Benny nodded. Even though he knew that there would be a long uphill road for Eve, seeing her smile put a smile on his lips. He saw another figure sitting cross-legged on the ground in the shade of a palm tree that overhung the playground.

“Is that Riot?” he asked.

“Yes. She won’t let Eve out of her sight.”

“You still think she’s a freak?”

Nix shook her head. “She’s been through a lot.” She told Benny about Riot’s past, about her being a reaper and about how she’d rebelled against that lifestyle and spent the years since helping people.

“Her mom is Mother Rose?” gasped Benny.

“Was,” corrected Nix. “Mother Rose died that day we found the wrecked plane. Riot’s been dealing with that, and I think it hit her harder than she expected.”

“How could it not?” asked Benny. “She was still her mother.”

Nix nodded. “I guess . . . she’s one of us. And she did everything she could to help Eve’s family. She knows now that we were only trying to help Eve too.”

“Well,” Benny said, “Eve’s still here. We accomplished something. We saved a kid. That’s got to count for something, even in this world.”

Shadows moved in Nix’s eyes. Not the dangerous ones that had been there so often since her mother was killed; but shadows nonetheless. Was it because their trip had failed so
badly in almost every way, or because this harsh world out here in no way matched Nix’s expectations? Benny was afraid to ask for fear of breaking what resolve she had managed to put in place.

Nix sniffed back some more tears and said, “Listen, Benny, there are some things I have to tell you. Good and bad things, okay?”

“I don’t know how much more I want to hear,” he said, pitching it as a joke and watching it fall flat.

Nix said, “Do you remember seeing the jet?”

Benny brightened. “I—think so. Was it real?”

“It’s real, and it’s here. It’s in one of the hangars on the other side of the compound. But before I show you, I have to warn you about something. I need you to understand how this place works.”

“You’re scaring me here, Nix.”

“I don’t mean to.” She took a ragged breath. “Benny, people have been coming here for years. A lot of them. Long before the American Nation set up the lab. Before they had any kind of treatments for anything. People came here to die in peace, Benny. They came here because this place is run by way-station monks. Do you understand what that means?”

“Yes,” Benny said, though his voice was a hoarse croak. “Way-station monks think the zoms are the meek who are supposed to inherit the earth.”

“Have inherited the earth, Benny. Have.”

He studied her, but her eyes were hard. She seemed to be waiting for him to ask, so he asked. A terrible thought crept into his mind.

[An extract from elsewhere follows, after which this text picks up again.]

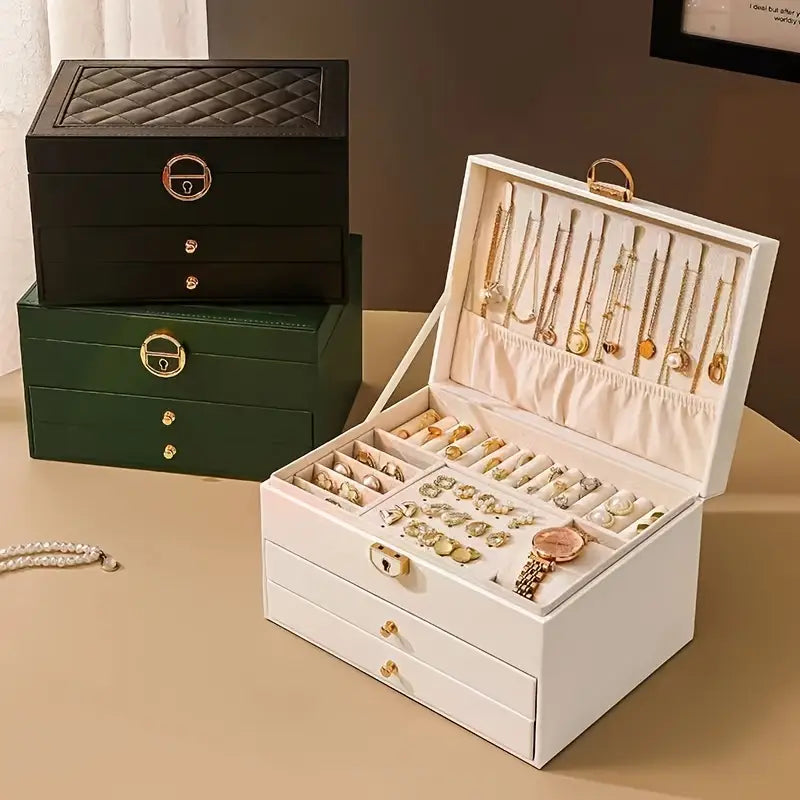 3 tier Luxury Jewellery Lockable Storage Box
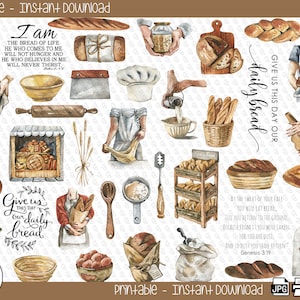 May include: Printable watercolor illustrations of bread, loaves, and baking supplies. The illustrations include text that reads "Give us this day our daily bread" and "I am the bread of life. He who comes to me will not hunger and he who believes in me will never thirst."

“Nix,” he asked, “what happened to all those people?”

Nix nodded and took him gently by the hand and guided him around the corner of the hangar.

Benny stopped dead in his tracks. Just beyond the hangar was a trench that was twenty feet wide and twenty feet deep. Beyond that was a set of runways for a military airport. Benny had seen pictures of places like this. The flat ground stretched all the way to the range of red rocks in one direction and into a heat haze on the far horizon. A second set of hangars—four in all—stood a thousand yards beyond the trench, and in front of those was a six-story concrete building. Surrounding these buildings was a ten-foot-high cinder-block wall. On the far side of the landing field, well beyond the runways, there was a line of slender towers, like lampposts but with bell-shaped devices mounted atop each one.

Outside the cinder-block wall, filling the desert and stretching off into the shimmering horizon, were zoms. Thousands upon thousands of them. There were more lining the edge of the trench, and when Benny looked toward the back of the building, he saw many more.

Nix said, “Joe says that there are probably two or three hundred thousand of them now. When people die, they are taken across the trench and allowed to roam free. The monks pray for them several times a day.”

“But the jet? The lab?”

Nix reached into the V of her blouse and pulled out a silver whistle on a chain. “Recognize this? It’s a reaper’s dog whistle. It’s ultrasonic. The zoms follow it every time.” She pointed. “See those towers? When the jet is ready to take off or land, they blast an ultrasonic call through those. The zoms
follow the call to the towers, and it clears the runway. I’ve seen it work twice now. It’s amazing.”

“Dog whistles,” said Benny. “It’s warrior smart. Tom would approve.”

Nix nodded.

“What goes on over there?” asked Benny, pointing to the concrete buildings.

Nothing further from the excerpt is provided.